Purpose : The retinal vasculatures are assembled into the 3D lattice network of laminar vascular beds to provide nutrients and oxygen for accurate visual functions. However, the mechanisms controlling 3D vascular lattice formation are largely unknown in contrast to 2D vascular growth. We hypothesized that retinal neuron subsets play instructive roles in guiding the vertical vascular penetrance and supporting the 3D vascular lattice architecture along the neural plexiform.
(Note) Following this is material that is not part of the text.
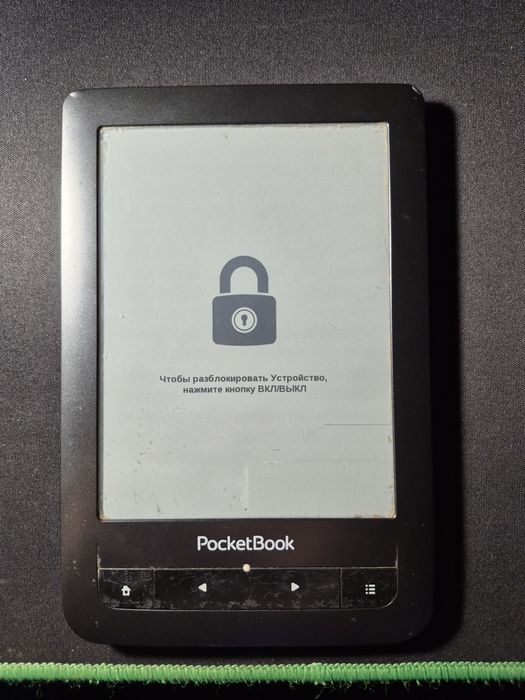 PocketBook 622 електронна книга з чохоом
Methods : We used retro-orbital (R.O) injection of the engineered AAV2 virus to visualize the subset of retinal ganglion cells (RGCs) with close contact with blood vessels. Then, we identified the molecular profiles of our targeted RGC types. We carried out a mutant analysis for vascular development. We combined immunohistochemistry, electron microscopy, 3D cell reconstruction, multiphoton imaging, and fluorescein fundus imaging to analyze these mutants. Furthermore, we applied multiple established experimental optic neuropathy models to analyze these mutants.

Results : Retro-orbital delivery of AAV2-BR1-GFP revealed a subset of Fam19a4/Nts-positive retinal ganglion cells (Fam19a4/Nts-RGCs) that physically contact endothelial cells with unique perisomatic endfeet. Genetic ablation of Fam19a4/Nts-RGCs led to disorganized vascular sprouts close to the RGC layer, disrupting the planar organization of the vascular bed. We identified Piezo2 as a Fam19a4/Nts-RGCs-enriched protein during retinal vascular development. Pan-neuronal and Fam19a4/Nts-RGC specific deletion of Piezo2 led to the loss of Fam19a4/Nts-RGC-vascular contacts and phenocopied the vascular defects upon the Fam19a4/Nts-RGC ablation. These abnormal 3D vascular lattice formations lead to reduced vessel perfusions and global hypoxia in the adult retina. Furthermore, these mutants displayed accelerated retina neuron losses and declined visual functions upon transient ischemic challenge.

Conclusions : We uncovered a specific and unexpected neuron-type role in instructing 3D vascular lattice formation via direct neurovascular interaction in the retina. Furthermore, we also demonstrated that Piezo2 is a key structural mediator for this mechanism.

This abstract was presented at the 2024 ARVO Annual Meeting, held in Seattle, WA, May 5-9, 2024.